Si Chenita galère au départ pour se constituer son portefeuille de clients, le premier à lui donner sa chance est Esko pour qui elle traduit l’univers des dessins animés sur les emballages de biscuits et de chocolats. Son plus gros client d’affaires est la SIC. Manisha qui veut donner un coup de main à sa sœur intègre le CM Design et s’occupe de l’administration et du marketing. En parallèle, elle prend des cours de marketing à mi-temps auprès du Charles Telfair Institute. Les deux sœurs travaillent bien ensemble et apprécient l’univers de la publicité avec ses délais serrés et ses négociations avec les annonceurs. Comme dérivatif et pour se détendre, elles suivent un cours de pâtisserie de base avec le chef Célestin à Castel.
Ce qu’elles aiment moins en revanche au niveau professionnel, c’est qu’autant elles respectent les délais de livraison, autant les paiements qui leur sont dus tardent à venir. Elles doivent donc harceler certains clients à la main lourde pour se faire payer. Et puis la récession frappe les agences de publicité en 2012. Chenita choisit ce moment pour se marier. Autant jusque-là, dans son univers professionnel, elle n’avait pas d’heure pour boucler une campagne, depuis qu’elle est mariée, elle doit ajuster ses horaires pour mener à bien sa vie de couple. Sa grossesse subséquente est difficile. Chenita accouche prématurément d’un petit garçon. A partir de là, sa priorité devient sa famille et elle délaisse l’agence qu’elle sait entre les mains de Manisha. Elle se dit que dans trois mois, à la fin de son congé de maternité, les choses iront mieux et elle pourra reprendre son train de vie professionnel. «Dans notre tête, nous allions vivre de la publicité jusqu’à notre retraite et après, on aurait fait des cookies et quelques gâteaux que nous aurions vendus.»

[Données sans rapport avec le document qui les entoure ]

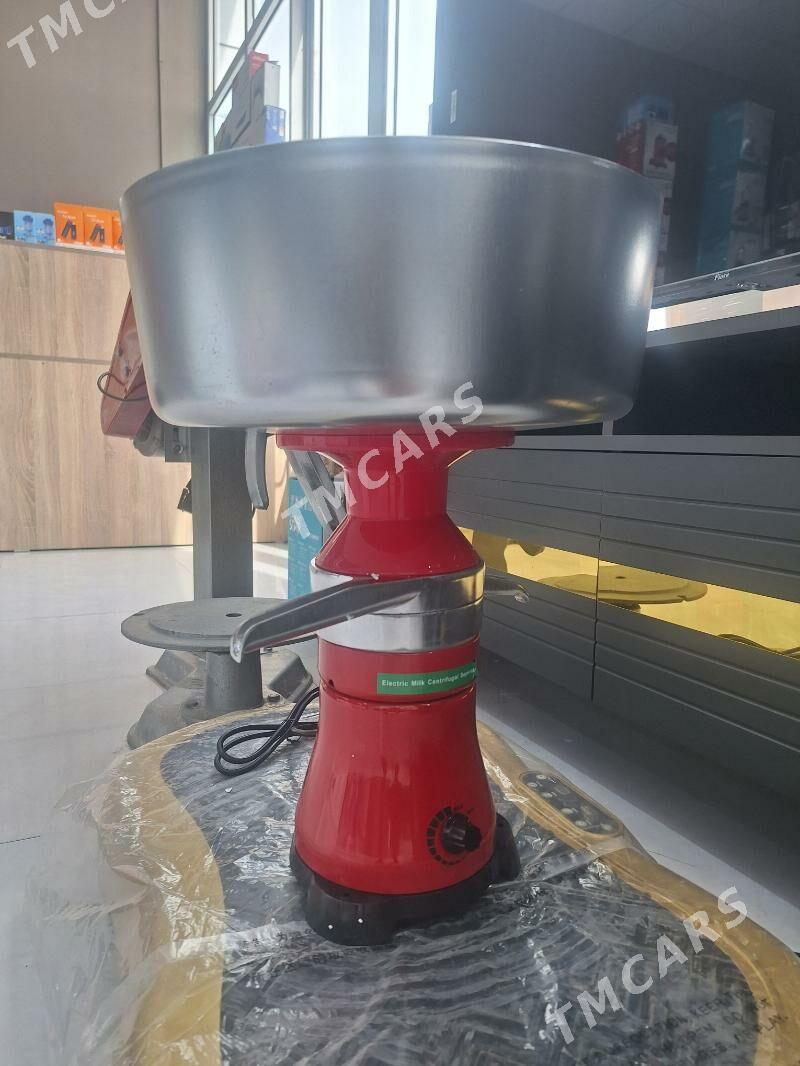 seperator gaymak cykaryan - Türkmenabat - img 3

Manisha gère tant bien que mal l’agence de publicité mais elle en a marre de courir derrière les mauvais payeurs. Voyant à quel point elles nagent à contre-courant, leur père n’arrête pas de les encourager à tout arrêter pour faire de la pâtisserie. Il va jusqu’à mener Manisha dans un magasin d’électroménagers et la conseiller sur la batteuse électrique à acheter. Quatre jours après, Navin Gopaul décède. Sa famille est tétanisée. Ses filles sont totalement débalancées par la disparition de ce père avec qui elles n’ont pas toujours été sur la même longueur d’ondes mais qui a eu un si grand impact sur leurs vies.

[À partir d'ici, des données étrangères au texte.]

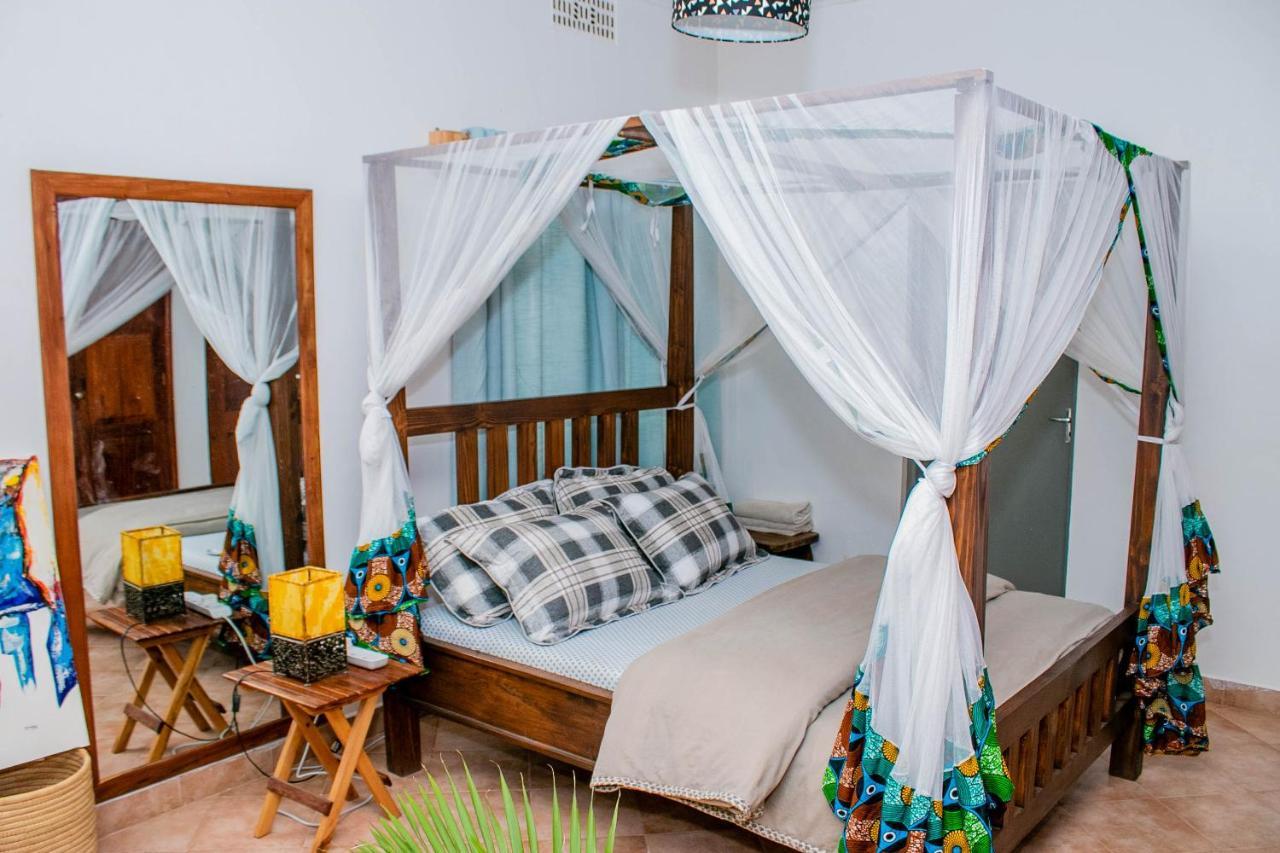 Blue Elephant Villas Arusha Ngoại thất bức ảnh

Pendant deux ans, elles végètent jusqu’à ce que Manisha décide d’écouter son défunt père et de se lancer dans la pâtisserie. Chenita a du mal à se projeter dans ce métier car elle pense qu’elles ne parviendront pas à gagner convenablement leur vie. Et puis, elle ne se voit pas passer d'un emploi à col blanc à artisane. Elle finit par se laisser convaincre.
Leur père a, sans le savoir, bien fait les choses car l’étage est calqué sur le rez-de-chaussée et elles se mettent à préparer des petits fours salés et des gâteaux sucrés à l’étage. Elles créent une page Facebook et l’annoncent. Pendant les six premiers mois, elles sont soutenues par leurs proches, leurs voisins et leur réseau d’amis. «Nous avions un oncle qui achetait au moins 500 samoussas par mois. C’était à se demander s’il mangeait tout cela», raconte Manisha en riant. Pour pouvoir offrir un produit frais, elles devaient souvent passer des nuits blanches. Mais malgré cela, leur passion pour la pâtisserie a pris le dessus de tout.
Elles finissent par réaliser qu’elles ne peuvent proposer un si large éventail de gâteaux salés et sucrés et qu’elles doivent se spécialiser. «Nous nous sommes posées et avons décidé d’une stratégie et de notre marketing comme on le faisait dans la pub». Elles décident alors de faire des gâteaux d’anniversaire simples où à étages, quatre étant leur maximum, décorés avec des figurines en pâte à sucre en forme d’animaux de la jungle ou de personnages de dessins animés, des Party cakes, des gâteaux pour baptême et fête prénatale. Ainsi, elles créent à un millimètre près le gâteau de vos rêves.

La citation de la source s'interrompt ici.